Although he was celebrated across Europe as a novelist and, later, as an author of fairy tales, Hans Christian Andersen (1805–1875) received a less-than-warm reception in his native Denmark. The philosopher Søren Kierkegaard (the other figure responsible for bringing the Danish Golden Age to the attention of a global audience), began his authorship with a blistering critique of Andersen’s novels, as he compared them unfavorably to those Steen Steensen Blicher and Thomasine Gyllembourg. Furthermore, Johan Ludvig Heiberg, the leading arbiter of taste in Copenhagen, failed to appreciate Andersen’s work as a playwright. In this course, we will first read Andersen’s Italian novel The Improvisator, and then his Caribbean drama Horatio, whose protagonist is the son of a plantation owner and a slave. For the second half of the semester, we will undertake an extensive study of the fairy tales (e.g., “The Little Mermaid,” “The Ugly Duckling,” and “The Snow Queen”), which Andersen wrote over the course of his long life. In order to contextualize our reading of Andersen throughout the course, we will also consult texts by Kierkegaard, Heiberg, Gyllembourg, and Blicher, among others.
Students enrolled in this course will write two research papers on Andersen and/or the Danish Golden Age. After writing a first draft, each student will receive extensive feedback from their instructor, which the student will then incorporate into their final draft. In addition to submitting a final draft, each student will be required to give a brief presentation of their findings to their peers and the instructor.
This course satisfies the second half or the “B” portion of the Reading and Composition requirement.
Prerequisite: Successful completion of the “A” portion of the Reading & Composition requirement or its equivalent. Students may not enroll in nor attend R1B/R5B courses without completing this prerequisite.

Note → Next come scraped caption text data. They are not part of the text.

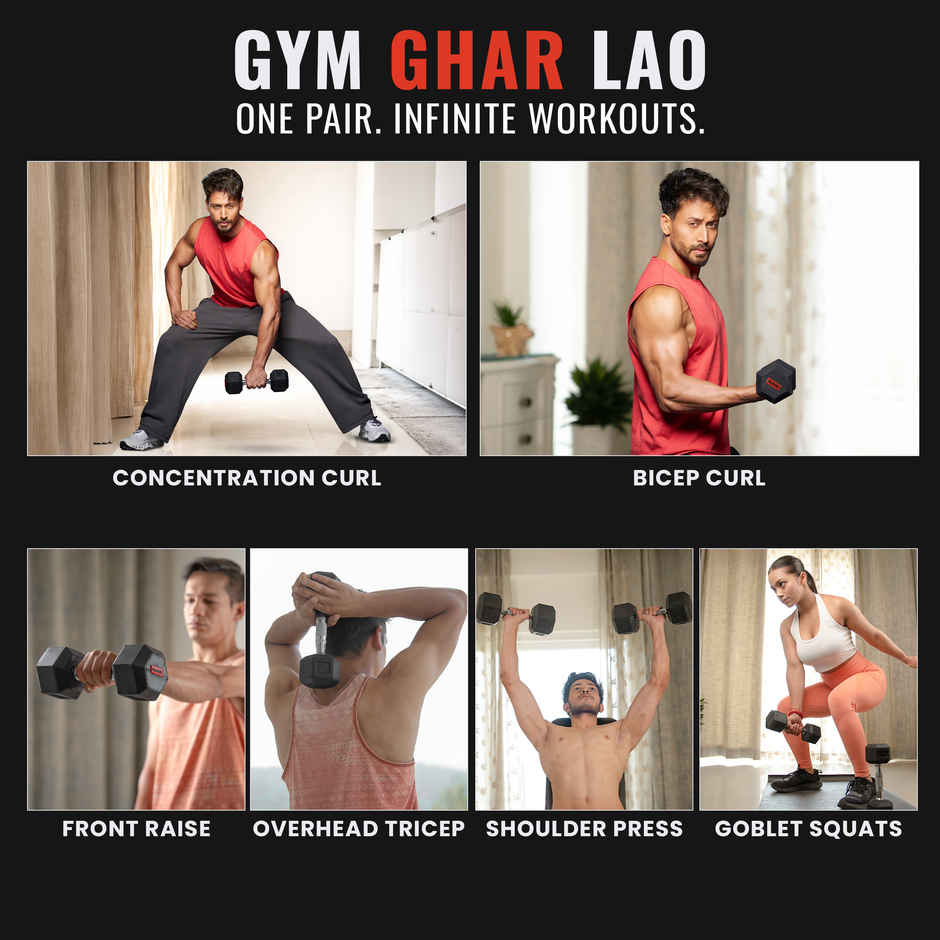 Slovic Hex Rubber Coated Dumbbell Set (7.5 kg X 2) | Black | Home Gym | Non-Slip Coated Handle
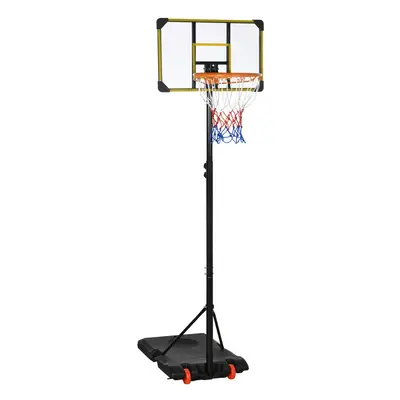 SPORTNOW Adjustable Basketball Hoop and Stand w/ Wheels, 1.8-2.1m, Yellow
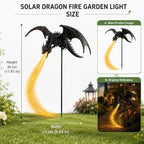 Solar Dragon Fire Garden Stake Light, Gothic Fantasy Solar Powered Lawn - Image 7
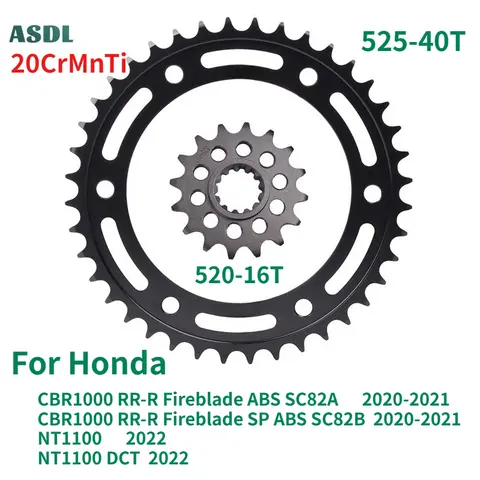 525 40T 16T 20CrMnTi Front Rear Sprocket for HONDA CBR1000 RR-R Fireblade SP ABS SC82A SC82B 2020-2021 NT1100 2022 NT 1100 DCT
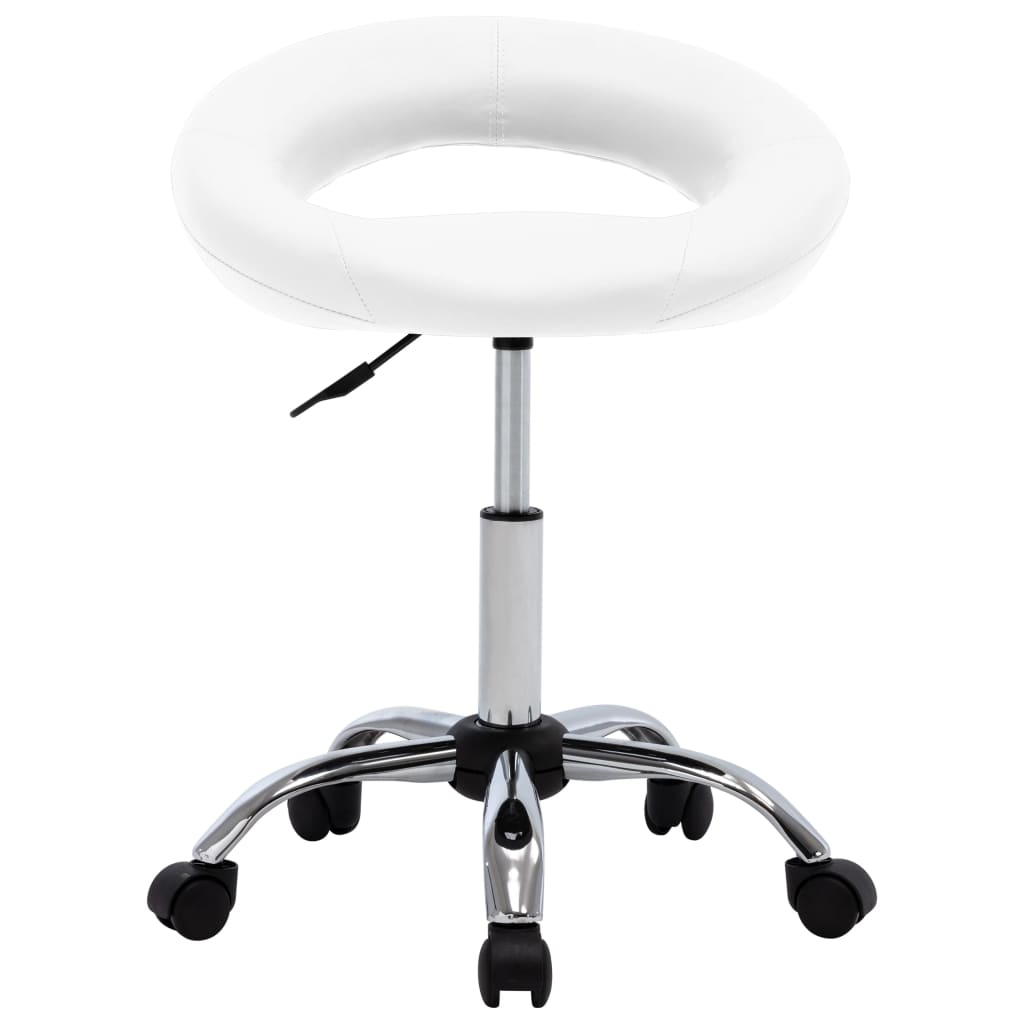 vidaXL Scaun de lucru pivotant, alb, piele ecologică vidaXL Scaun de lucru pivotant, alb, piele ecologică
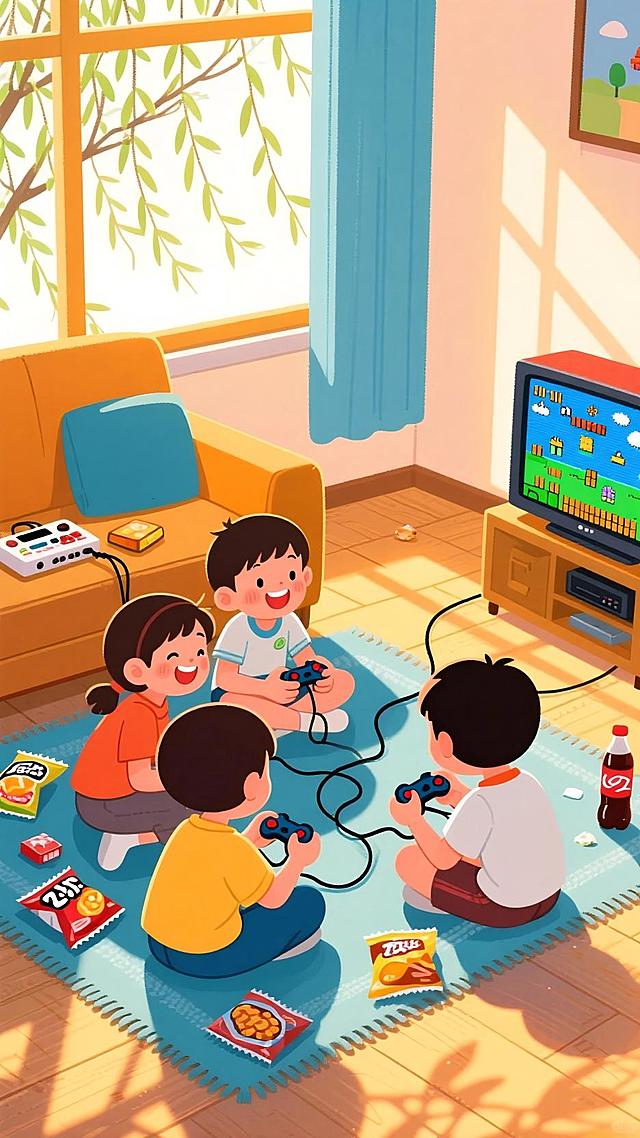 几个小朋友坐在客厅地毯上，专注玩连着电视的游戏机，旁边放着散落的零食。阳光透过窗户洒入，窗外柳枝飘荡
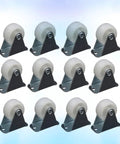 PP Caster Wheels 12 Pcs White Inch for Office Furniture and Carts with durable plastic wheels and metal brackets.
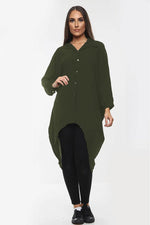Load image into Gallery viewer, High-Low Oversized Button Long Shirt Dress
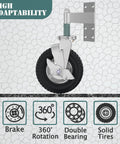 Heavy Duty 8 Inch Gate Wheels With Brake Rock Solid Spring Suspension Fence Rollers showing 360-degree rotation and solid tire design.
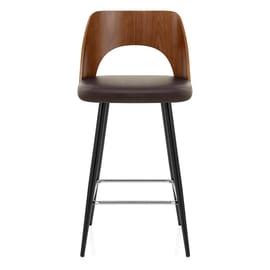 Carmen Leather Bar Stool Walnut Brown Atlantic Shopping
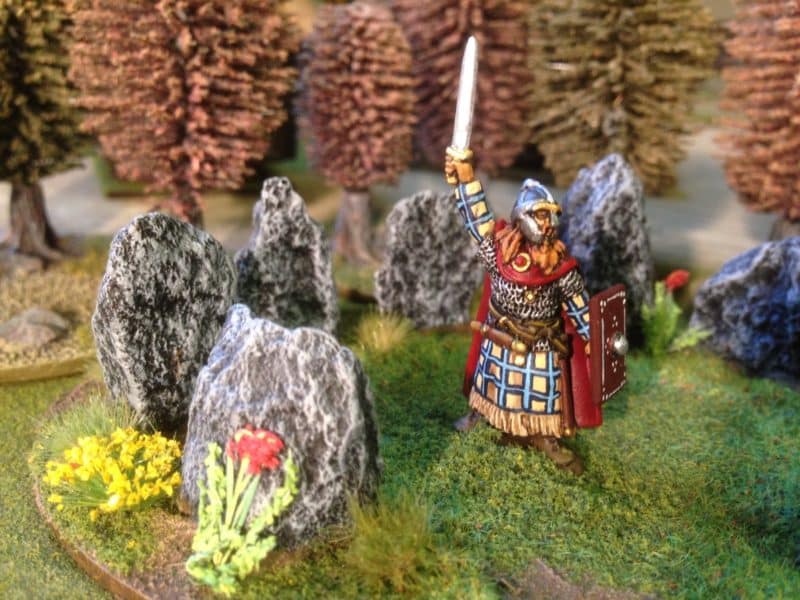 Footsore Pict Warlord temporarily at home in a DeeZee stone circle.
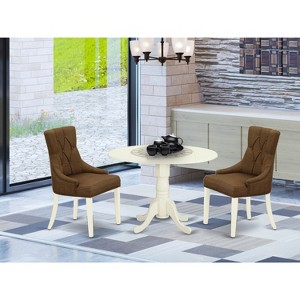 HomeStock 3Pc Dinette Set Includes a Small Rounded Kitchen Table with Drop Leaves and Two Parson Chairs with Dark Coffee Fabric, White Finish - 1 of 3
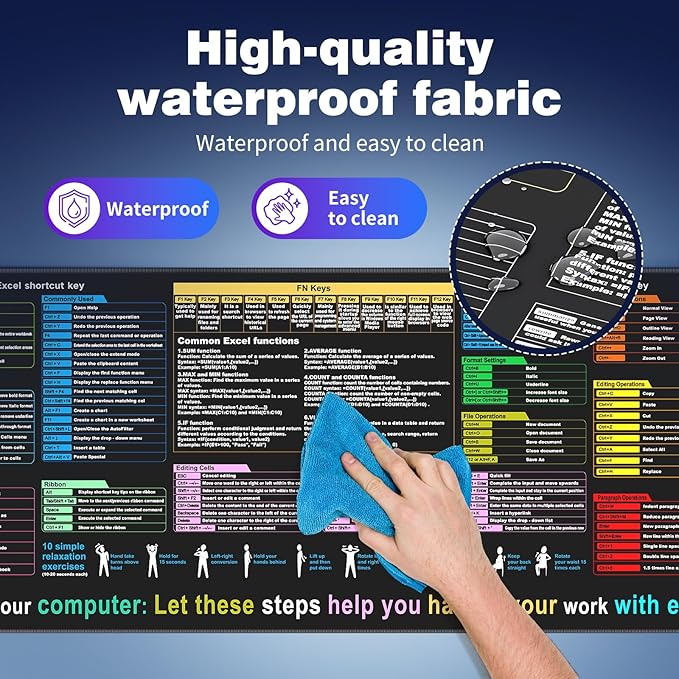 Excel Cheat Sheet Desk pad—Contains 12 Types of Common Skills in Excel and - Image 4
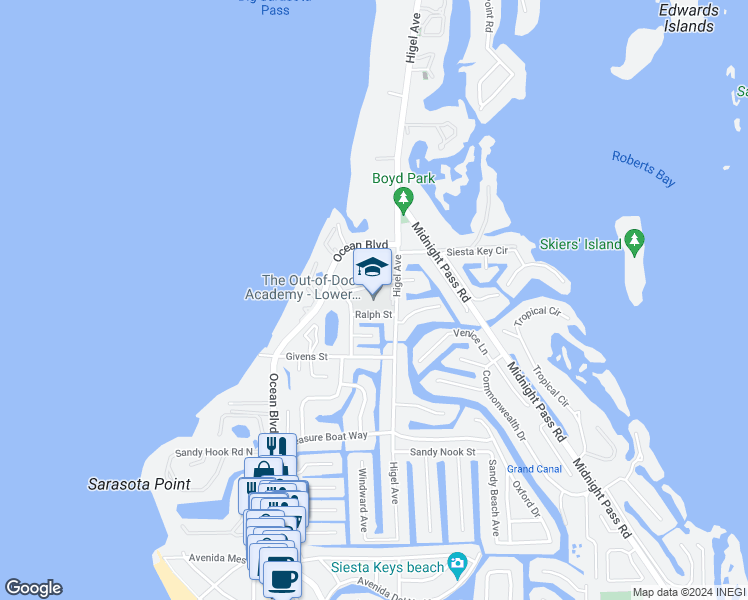 map of restaurants, bars, coffee shops, grocery stores, and more near 444 Reid St in Sarasota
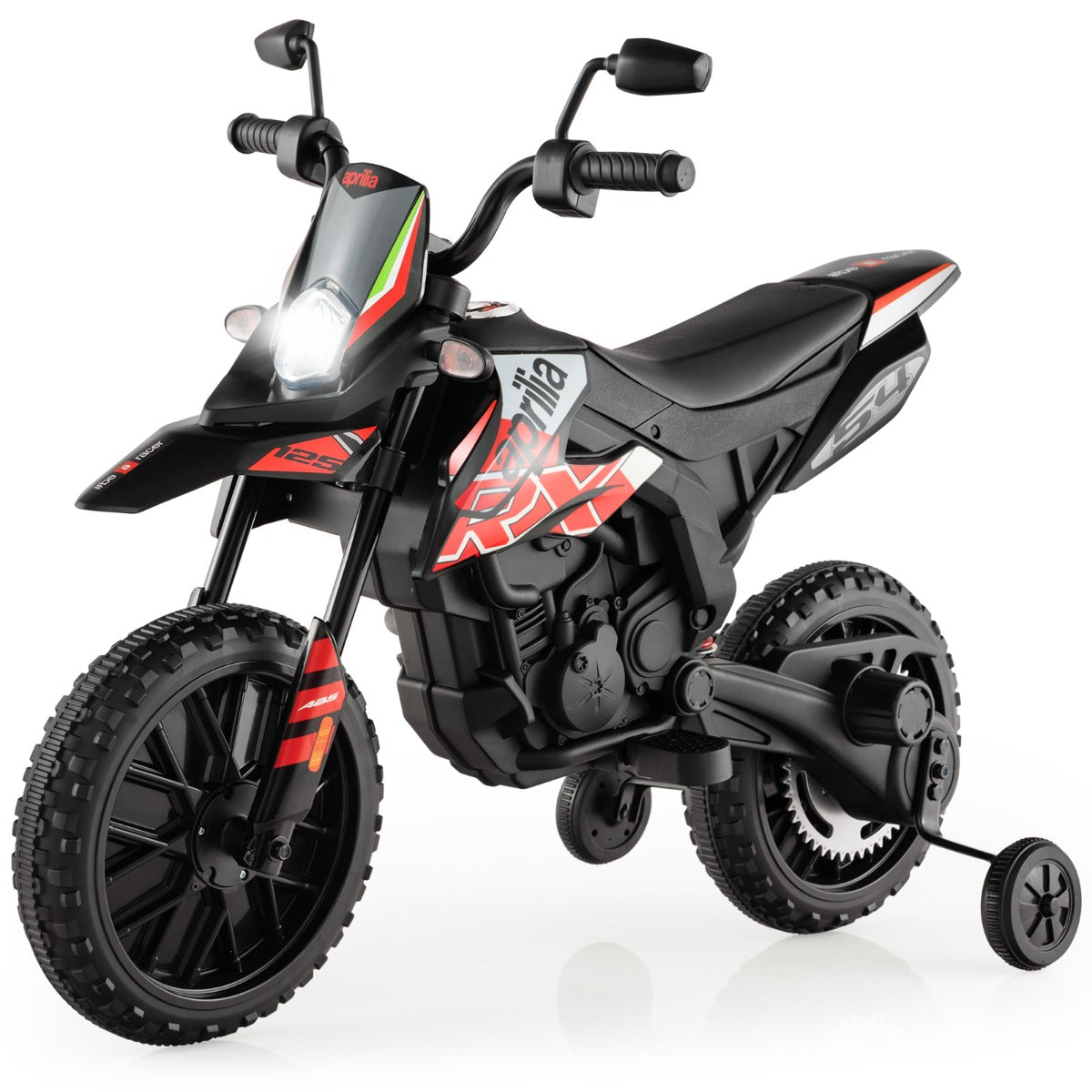 LIVSK Elektrische Motorfiets met Aprilia-licentie - 2 Motoren - Muziek en USB - Voor Kinderen 3-8 Jaar - Rood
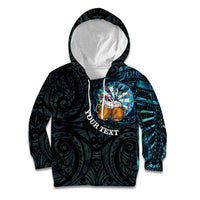 Personalized New Zealand Darts Beer Kid Hoodie Paua Shell Aotearoa Maori Tattoo - Polynesian Pride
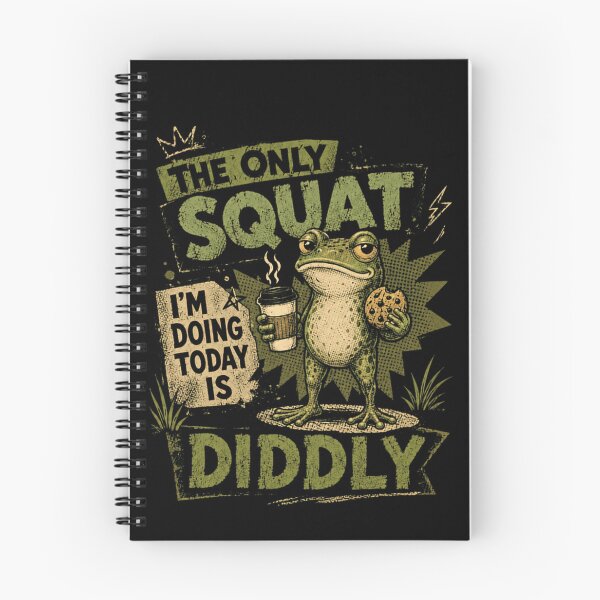Item preview, The Only Squat I'm Doing Today Is Diddly Frog Coffee Cookie Lazy Humor designed and sold by HumansStuck12.
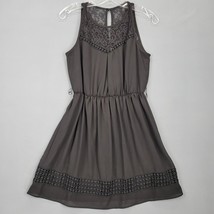 iZ Byer Women Dress Size M Black Midi Stretch Waist Dark Cottage Lace Sleeveless - £13.45 GBP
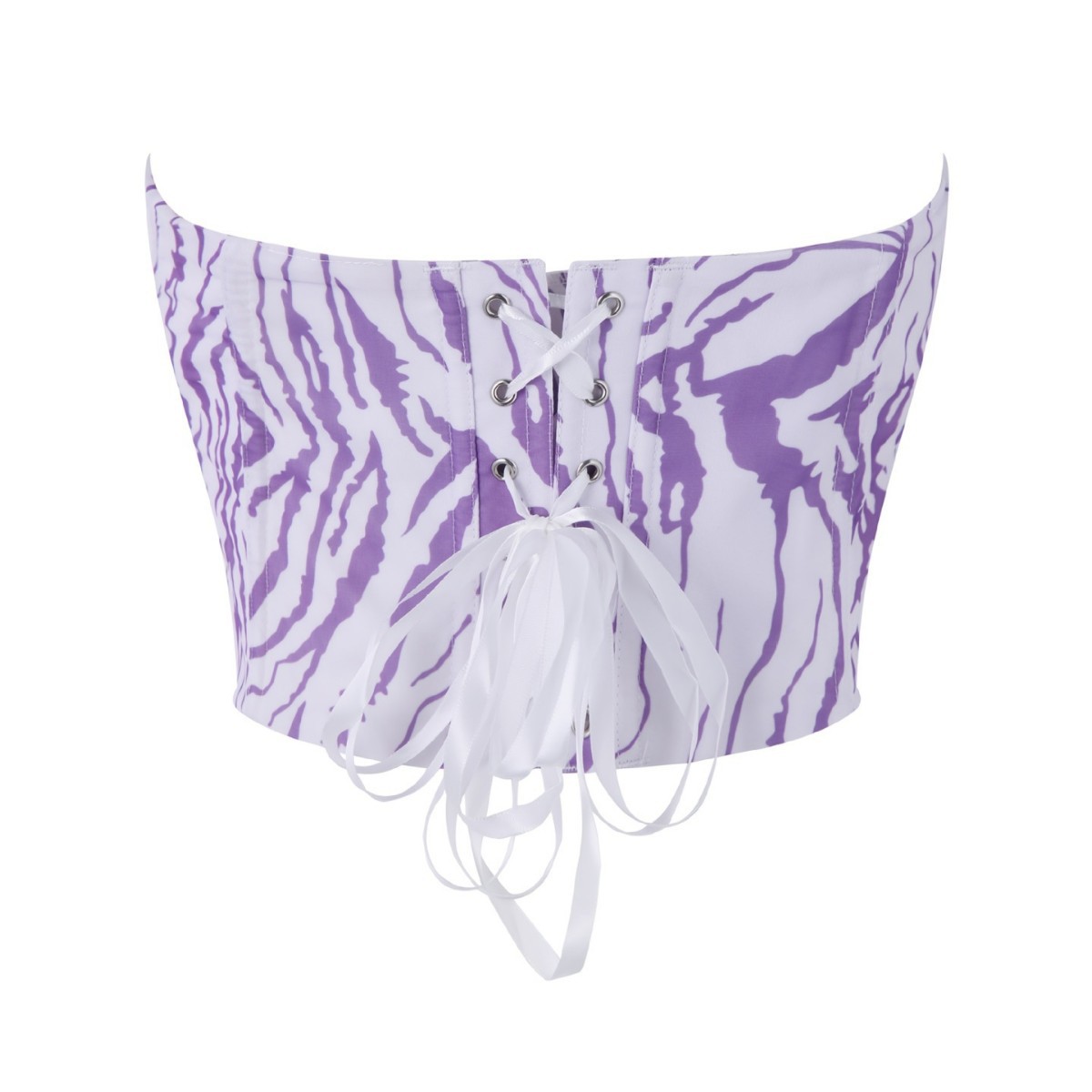 Nueva moda cebra púrpura para el pecho de soporte de pecho delgado sexy no elástico hueso de pescado plástico vestido exterior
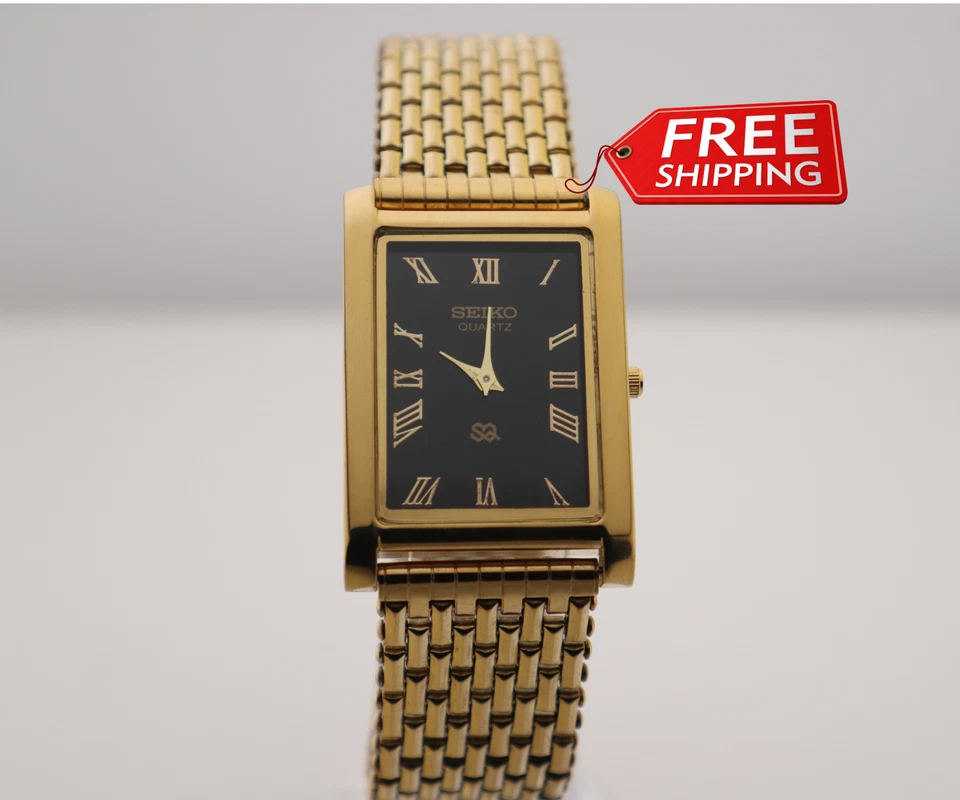 Vintage Seiko Slim Quartz Men's  Wrist Watch With Rare Black Dial - Image 2 of 4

Due to the high demand for R&C courses we monitor attendance very carefully. Attendance is mandatory the first two weeks of classes, this includes all enrolled and wait listed students. If you do not attend all classes the first two weeks you may be dropped. If you are attempting to add into this class during weeks 1 and 2 and did not attend the first day, you will be expected to attend all class meetings thereafter and, if space permits, you may be enrolled from the wait list.